Uncertainty reduction is vital for improving system reliability and reducing risks. To identify the best target for uncertainty reduction, uncertainty importance measure is commonly used to prioritize the significance of input variable uncertainties. Then, designers will take steps to reduce the uncertainties of variables with high importance. However, for variables with minimal uncertainty, the cost of controlling their uncertainties can be unacceptable. Therefore, uncertainty magnitude should also be considered in developing uncertainty reduction strategies. Although variance-based methods have been developed for this purpose, they are dependent on statistical moments and have limitations when dealing with highly-skewed distributions that are commonly encountered in practical applications. Motivated by this problem, we propose a new uncertainty importance measure based on cumulative residual entropy. The proposed measure is moment-independent based on the cumulative distribution function, which can handle the highly-skewed distributions properly. Numerical implementations for estimating the proposed measure are devised and verified. A real-world engineering case considering highly-skewed distributions is introduced to show the procedure of developing uncertainty reduction strategies considering uncertainty magnitude and corresponding cost. The results demonstrate that the proposed measure can present a different uncertainty reduction recommendation compared to the variance-based approach because of its moment-independent characteristic.

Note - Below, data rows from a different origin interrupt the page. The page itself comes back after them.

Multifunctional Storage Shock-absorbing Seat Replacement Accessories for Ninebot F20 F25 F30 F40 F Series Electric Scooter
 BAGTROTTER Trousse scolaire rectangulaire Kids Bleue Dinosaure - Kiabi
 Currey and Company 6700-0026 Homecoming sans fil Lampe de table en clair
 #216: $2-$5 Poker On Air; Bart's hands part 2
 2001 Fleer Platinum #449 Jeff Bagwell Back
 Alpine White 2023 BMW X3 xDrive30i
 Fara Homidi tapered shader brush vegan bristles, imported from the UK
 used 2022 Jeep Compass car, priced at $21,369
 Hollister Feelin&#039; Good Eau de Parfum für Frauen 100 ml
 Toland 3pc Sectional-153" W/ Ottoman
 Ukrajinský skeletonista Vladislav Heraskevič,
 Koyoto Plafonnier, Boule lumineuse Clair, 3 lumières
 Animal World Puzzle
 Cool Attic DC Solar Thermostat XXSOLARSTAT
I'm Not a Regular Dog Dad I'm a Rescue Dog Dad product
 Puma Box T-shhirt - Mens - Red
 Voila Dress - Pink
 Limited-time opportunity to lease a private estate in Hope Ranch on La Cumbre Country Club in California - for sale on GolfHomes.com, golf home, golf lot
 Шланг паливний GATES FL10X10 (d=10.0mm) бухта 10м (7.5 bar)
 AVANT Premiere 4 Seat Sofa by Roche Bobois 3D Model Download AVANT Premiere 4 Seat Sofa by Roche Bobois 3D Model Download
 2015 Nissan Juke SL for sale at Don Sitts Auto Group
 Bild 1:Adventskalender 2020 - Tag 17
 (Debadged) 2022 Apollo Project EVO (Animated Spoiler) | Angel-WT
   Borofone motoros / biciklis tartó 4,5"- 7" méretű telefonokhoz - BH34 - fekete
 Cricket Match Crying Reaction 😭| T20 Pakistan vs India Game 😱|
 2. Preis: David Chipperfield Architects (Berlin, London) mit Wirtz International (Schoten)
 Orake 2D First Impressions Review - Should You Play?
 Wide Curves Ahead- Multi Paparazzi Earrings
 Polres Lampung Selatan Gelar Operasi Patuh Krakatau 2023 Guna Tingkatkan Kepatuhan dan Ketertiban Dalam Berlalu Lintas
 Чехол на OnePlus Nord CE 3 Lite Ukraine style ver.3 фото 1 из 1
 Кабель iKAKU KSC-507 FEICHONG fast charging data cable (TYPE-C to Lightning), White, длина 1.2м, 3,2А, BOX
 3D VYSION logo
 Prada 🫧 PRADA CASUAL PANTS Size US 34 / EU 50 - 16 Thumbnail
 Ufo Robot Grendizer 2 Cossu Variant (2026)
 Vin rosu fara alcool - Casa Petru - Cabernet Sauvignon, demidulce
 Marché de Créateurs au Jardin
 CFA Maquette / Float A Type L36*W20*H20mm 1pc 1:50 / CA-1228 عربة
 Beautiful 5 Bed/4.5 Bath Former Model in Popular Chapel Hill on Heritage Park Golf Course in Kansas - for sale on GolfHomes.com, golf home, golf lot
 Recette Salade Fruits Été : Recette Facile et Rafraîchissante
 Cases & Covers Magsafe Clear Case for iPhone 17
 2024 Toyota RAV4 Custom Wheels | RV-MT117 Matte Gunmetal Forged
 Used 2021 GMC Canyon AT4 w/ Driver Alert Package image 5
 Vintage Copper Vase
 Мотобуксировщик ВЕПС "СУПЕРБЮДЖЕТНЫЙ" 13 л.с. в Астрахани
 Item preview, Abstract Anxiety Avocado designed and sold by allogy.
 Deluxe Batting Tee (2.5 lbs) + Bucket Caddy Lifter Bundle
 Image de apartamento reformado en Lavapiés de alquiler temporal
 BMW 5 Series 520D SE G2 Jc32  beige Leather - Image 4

翻译：不确定性削减对于提升系统可靠性和降低风险至关重要。为确定不确定性削减的最佳目标，通常采用不确定性重要度测度来评估输入变量不确定性的相对重要性。随后，设计人员将采取措施降低高重要性变量的不确定性。然而，对于不确定性极小的变量，控制其不确定性的成本可能难以接受。因此，在制定不确定性削减策略时亦需考虑不确定性的量级。尽管已有基于方差的方法用于此目的，但这些方法依赖于统计矩，且在处理实际应用中常见的高度偏态分布时存在局限。受此问题启发，我们提出一种基于累积剩余熵的新不确定性重要度测度。该测度基于累积分布函数构建，具有矩独立性，能够妥善处理高度偏态分布。本文设计并验证了估计该测度的数值实现方法。通过引入考虑高度偏态分布的实际工程案例，展示了兼顾不确定性量级与相应成本的削减策略制定流程。结果表明，由于所提测度的矩独立特性，其给出的不确定性削减建议与基于方差的方法存在显著差异。